Se publicó hace algunas semanas la reforma de la Ley Concursal (LC) y, como resultaba previsible, son múltiples las opiniones que se vienen publicando valorándola. Hoy quiero reseñar el artículo de mi compañero complutense el Profesor José Carlos González Vázquez, que de una manera clara y vigorosa formula una severa crítica hacia aspectos importantes de la reforma en un artículo publicado en “Consejeros”, cuyo título es expresivo: “La última reforma concursal o cómo no se debería legislar”.
Comparto con José Carlos las críticas que hace a aspectos generales de la reforma. Algunos de esos aspectos ahondan en el debilitamiento de la orientación correcta que, en mi opinión, había adoptado nuestro Derecho concursal con la aprobación de la vigente Ley. Al hilo de estas reformas se reproducen algunos de los errores que caracterizaron la regulación de la insolvencia en épocas precedentes. Vaya por delante mi comprensión hacia la dificilísima tarea de abordar el problema concursal. Esto es, no solo el problema del tratamiento de la insolvencia, sino el generado por la aplicación de la legislación concursal en los Juzgados y Tribunales, que en gran medida es un reflejo de la crisis económica que nos asola. El legislador se ve obligado a hacer frente a ese problema clamoroso y entiende que debe hacerlo a través de la reforma de la LC. Ese punto de partida es erróneo, pues ignora que son otras medidas adicionales las que resultan necesarias y, al mismo tiempo, atribuye a la norma concursal finalidades que no le corresponden. En línea con el artículo de José Carlos, me voy a fijar en dos ideas fundamentales.
La primera se refiere a los privilegios concursales. Es sabido que la LC trató de restringir determinados privilegios que hacían irrisorio acudir a un procedimiento con la voluntad de participar en la insolvencia de su deudor. Tal implicación resultaba para muchos acreedores inútil, dado que la solución dependía de cuál fuera la posición que adoptaran pocos y determinantes acreedores. Esos acreedores privilegiados solían ser las Administraciones y las entidades de crédito. Si valoramos el proceso de reforma de la LC en estos últimos años veremos que volvemos a reforzar la posición de esos acreedores privilegiados. Nadie discute la legitimidad de sus intereses, pero es cuestionable que la protección excesiva de los mismos descarte una tutela razonable a los demás acreedores, titulares de intereses igualmente legítimos. Las reformas están corriendo el riesgo de dejar fuera del concurso a los acreedores ordinarios. Éstos no tendrán ningún interés en la iniciación o tramitación del concurso si son conscientes de que nada deben de esperar de cualquiera que sea la solución del mismo.

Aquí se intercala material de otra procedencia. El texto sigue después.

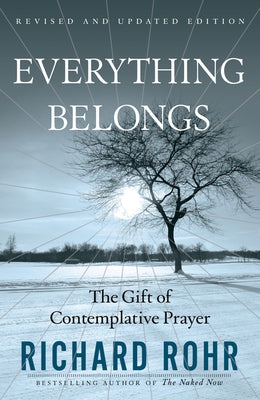 Everything Belongs: The Gift of Contemplative Prayer by Rohr, Richard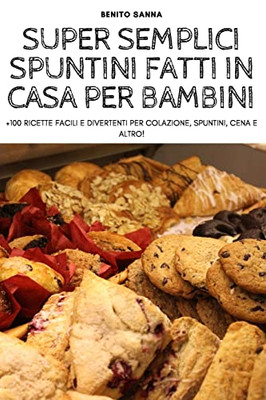 Super Semplici Spuntini Fatti In Casa Per Bambini (Italian Edition)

La segunda consideración nos devuelve a otro problema plasmado en este blog a lo largo de sucesivas entradas. Me refiero a que nuestro legislador concursal se muestra confuso en relación con cuestiones fundamentales. Esto se advierte con respecto a la finalidad del concurso. Frente al enfoque inicial que la LC adoptó en el año 2003 y que claramente orientaba el concurso hacia la satisfacción de los acreedores, en el preámbulo de la Ley 38/2011 se reproducen argumentos e ideas que aparecían en reformas precedentes y que apuntan a una progresiva modificación de la finalidad del concurso, a favor de la llamada tesis conservativa. Esa tesis corre el riesgo de su inconcreción. Hacer que el concurso prolongue de manera innecesaria la actividad de empresas que no pueden satisfacer los pasivos acumulados y que parecen como incapaces de salir del concurso, reforzadas y saneadas, no parece razonable. En interés de todos está que el concurso no se utilice como una manera de prolongar una agonía acreditada. El concurso debe servir para que una empresa insolvente continúe con su actividad y pague de la manera más eficiente a sus acreedores.